HOW TO COMPLETE THIS TASK:
Go through the records below and return each line that has "Size" in it.

Short descriptive text snippets:
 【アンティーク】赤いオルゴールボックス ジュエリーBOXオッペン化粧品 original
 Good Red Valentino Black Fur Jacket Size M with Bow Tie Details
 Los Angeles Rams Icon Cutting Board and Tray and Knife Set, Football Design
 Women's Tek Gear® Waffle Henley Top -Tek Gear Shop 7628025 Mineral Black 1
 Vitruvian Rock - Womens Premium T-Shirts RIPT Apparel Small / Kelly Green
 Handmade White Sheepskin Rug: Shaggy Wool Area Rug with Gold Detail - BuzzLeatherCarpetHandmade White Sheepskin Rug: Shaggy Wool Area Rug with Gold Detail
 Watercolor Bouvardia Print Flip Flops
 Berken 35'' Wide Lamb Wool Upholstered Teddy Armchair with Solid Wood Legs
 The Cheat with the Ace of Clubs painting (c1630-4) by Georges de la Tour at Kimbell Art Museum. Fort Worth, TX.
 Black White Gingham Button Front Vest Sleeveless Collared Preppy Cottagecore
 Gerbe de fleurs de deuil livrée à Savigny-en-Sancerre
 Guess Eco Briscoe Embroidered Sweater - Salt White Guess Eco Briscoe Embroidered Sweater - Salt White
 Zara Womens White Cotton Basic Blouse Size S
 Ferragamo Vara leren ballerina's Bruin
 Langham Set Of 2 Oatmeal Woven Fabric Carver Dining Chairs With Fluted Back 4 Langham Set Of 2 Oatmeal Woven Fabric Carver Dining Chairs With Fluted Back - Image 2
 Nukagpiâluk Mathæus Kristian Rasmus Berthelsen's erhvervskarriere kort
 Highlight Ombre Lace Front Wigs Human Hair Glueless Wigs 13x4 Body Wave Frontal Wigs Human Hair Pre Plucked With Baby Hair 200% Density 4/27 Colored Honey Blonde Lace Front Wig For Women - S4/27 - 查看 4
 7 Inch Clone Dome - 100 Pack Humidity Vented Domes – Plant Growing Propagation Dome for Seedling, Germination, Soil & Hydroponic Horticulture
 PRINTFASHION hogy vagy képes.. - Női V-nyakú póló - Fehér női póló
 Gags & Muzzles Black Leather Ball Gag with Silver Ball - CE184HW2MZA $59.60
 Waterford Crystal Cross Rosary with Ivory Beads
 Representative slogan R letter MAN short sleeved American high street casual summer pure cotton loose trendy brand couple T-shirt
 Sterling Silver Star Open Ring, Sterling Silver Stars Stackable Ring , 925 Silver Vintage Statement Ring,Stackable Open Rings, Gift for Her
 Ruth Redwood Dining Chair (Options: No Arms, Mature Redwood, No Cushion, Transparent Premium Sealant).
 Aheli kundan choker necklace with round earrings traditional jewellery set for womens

REPLY:
 Good Red Valentino Black Fur Jacket Size M with Bow Tie Details
 Zara Womens White Cotton Basic Blouse Size S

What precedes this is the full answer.